Se espaço cosmopolita de Paris, com sua intensa circulação,
provoca a todo instante milhares de pequenos encontros,
a singeleza de Gus Van Sant em Le Marais está
em capturar o exato instante em que um destes encontros
(de início suscetível ao completo fracasso e esquecimento,
pela incomunicabilidade travestida de ruído de comunicação)
acende uma faísca que desafia obrigatoriamente a transitoriedade
de eventos e pessoas. Eli corre em disparada ao perceber
a fugacidade daquele momento, para não deixar escapar
uma possibilidade anunciada. Não a de uma relação arrebatadora
(um romance?) entre almas gêmeas, como sugere a fala
de Gaspard (que ele não entende), mas a de algum relacionamento,
que ainda está por nascer e, portanto, pode ser tudo.
Ao invés de uma história de amor, Van Sant filma um
breve entrecruzamento de caminhos que poderá (ou não)

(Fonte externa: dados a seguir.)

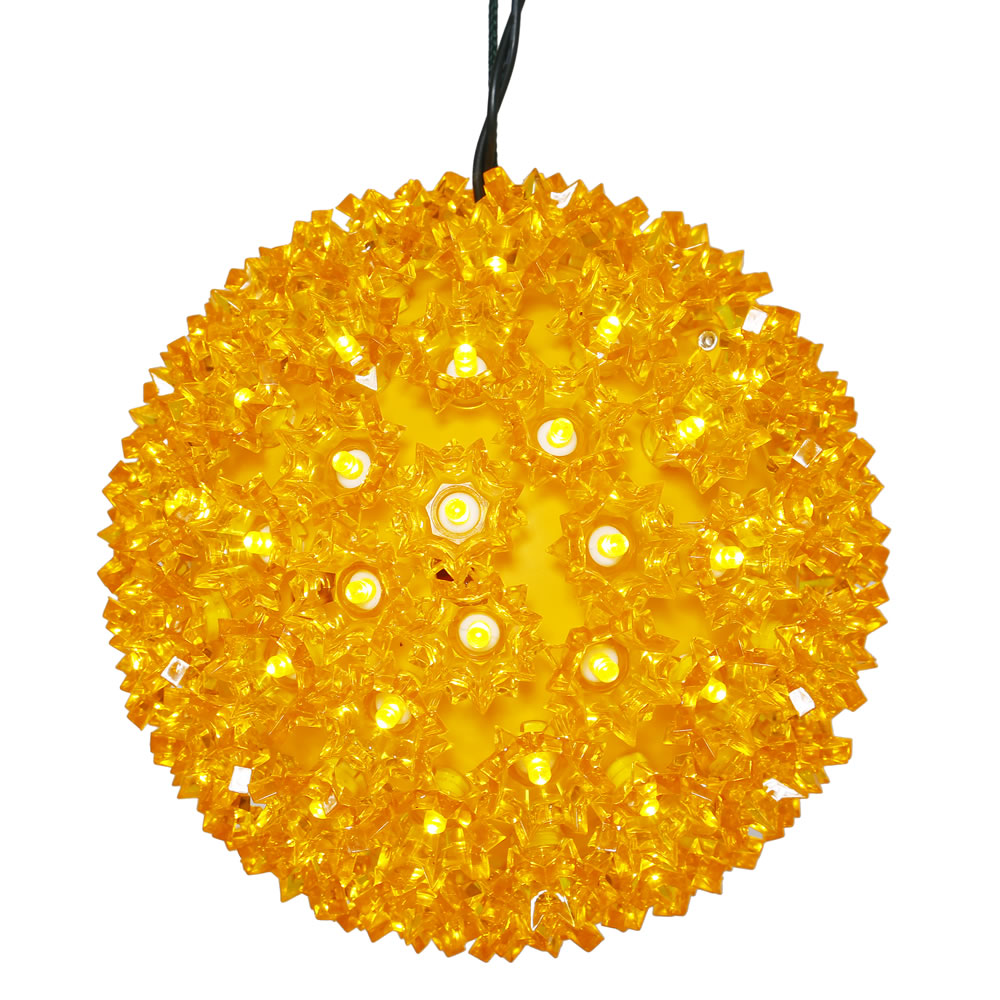 6 in. Starlight Sphere Christmas Ornament with 50 Gold Wide Angle LED Lights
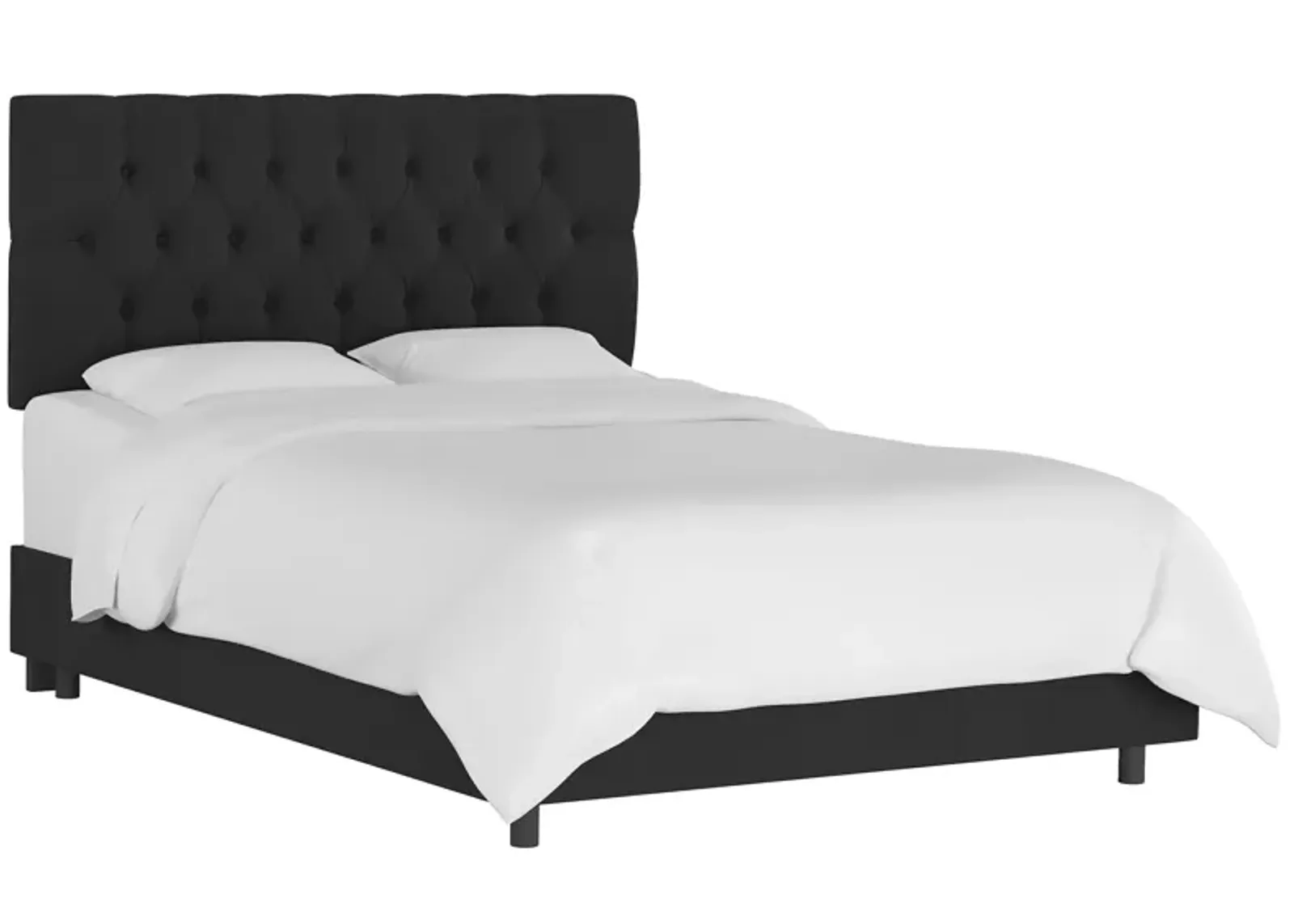 Blanchard Bed in Velvet Black by Skyline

gerar uma narrativa. Desta forma, é a própria economia
das relações pessoais em Paris (ou em qualquer outra
cidade semelhante) o tema deste pequeno filme. Talvez,
então, assim como o desdobramento possível da corrida
insensata de Eli, Le Marais se firme como um
desdobrar possível da aventura cinematográfica de Elefante,
que buscava descrever pelas idas e vindas no espaço
a economia das relações pessoais dentro daquele organismo
escolar. Onde os encontros não se anunciam tão claramente
em sua potencialidade, por estarem revestidos da aura
do cotidiano e do corriqueiro – característica desafiada
justamente pelo trágico evento ao final, que assombra
a atenção dedicada à brevidade de tudo que ali (se)
passa. Em Paris, cidade não-habitual, por outro lado,
Gaspard, com as virtualidades de extra-ordinário que
traz consigo, não pode apenas passar.